# digitrax zephyr dcs50



## riguitin (Sep 6, 2012)

hey guys i just have a question how many locos can i run at once with this unit my layout all the joints are solderd and in my layout i have about 12 feeder cables for nice current flow my layout is a 4 by 8 and its almost done and right now i have 2 locos fited with dcc soon to be 4 thanks


----------



## mopac (Feb 24, 2011)

I do not have a dcs50 so I don't know for sure. I think that is a 2 amp system.
I figured someone with the dcs50 would have responded. But they didn't. From 
what I have heard a dcc engine will use 1/2 to 1 amp, depending when engine
was manufactured. Sound will use around 1 amp. So I am guessing your system
should run 2 to 3 dcc powered engines. If I am wrong someone should let us know.
Show us some pics of layout if you get a chance. I love seeing other peoples 
layouts. I am in planning stage on a new layout. I have a 4 x 8 down staires but
have not used it in years. Hardly any scenic done on it. I don't like it. Grades are 
too steep.
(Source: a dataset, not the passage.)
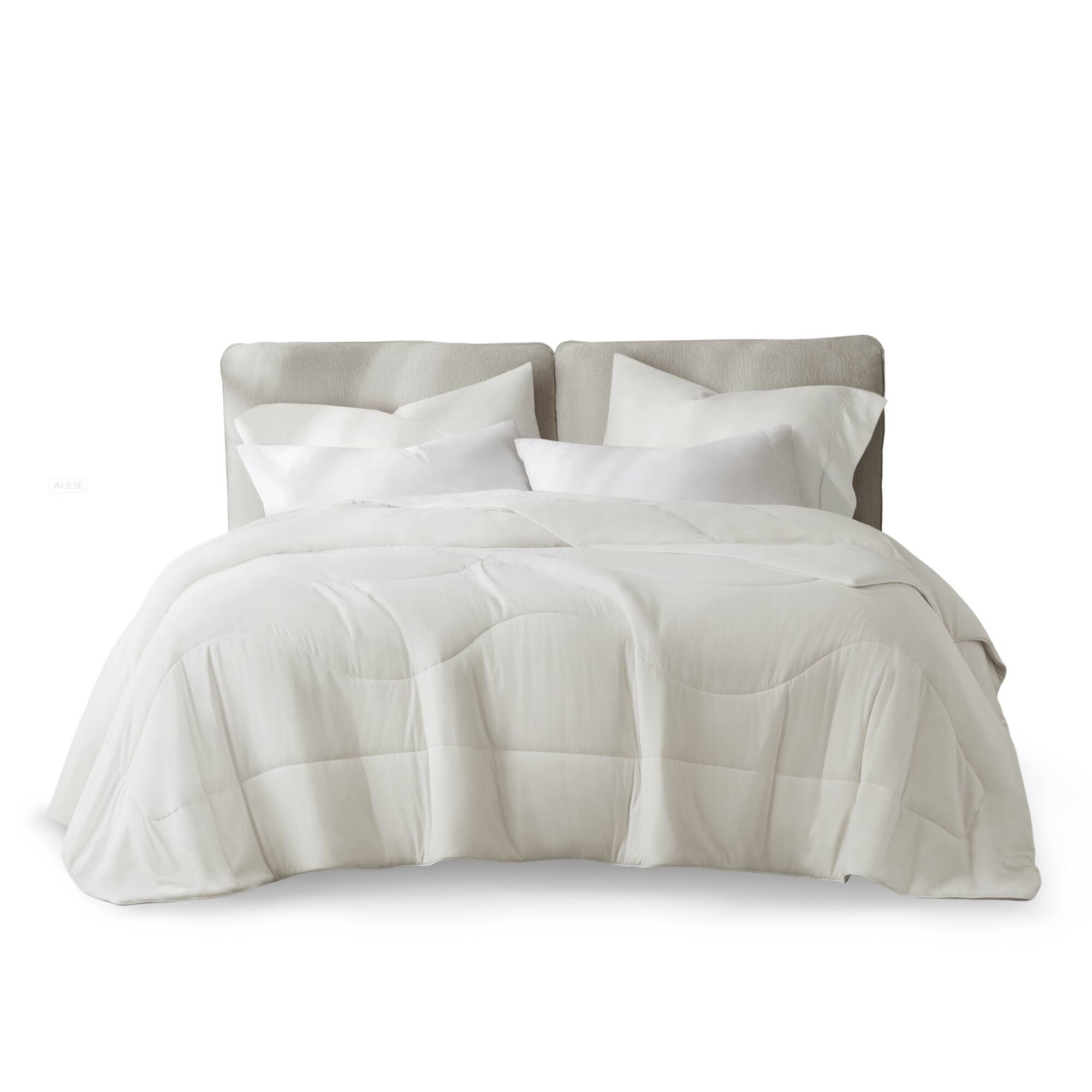 Full/Queen Reversible Tencel Comforter Blanket - White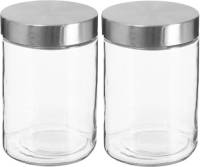 Secret de Gourmet 2x Stuks Voorraadbussen/voorraadpotten 1,2l Glas Met Rvs Deksel - Voorraadpot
At the time I used it I had less than steller engines, they went up the grades fine but coming down they built up too much speed.


----------



## swiggy (Jan 25, 2010)

hello riguitin, and welcome. 
sorry for a later reply.......been busy. I have a DCS50 and run up to six locomotives (all DCC and one sound) with no issues. I have three power feeds to roughly 144 feet of track...again....no issues. just make sure the track is connected properly and *keep it clean*.....:thumbsup:

jason


----------



## riguitin (Sep 6, 2012)

*Thanks*

Thanks guys for your help I will be starting my layout probably wed i now have all i need i hope lol its been alot of reeding i finished my switching control i will have about 14 turnout and two loops so i will be busy for a while but very exited to start work on it


----------



## swiggy (Jan 25, 2010)

dont forget pics


----------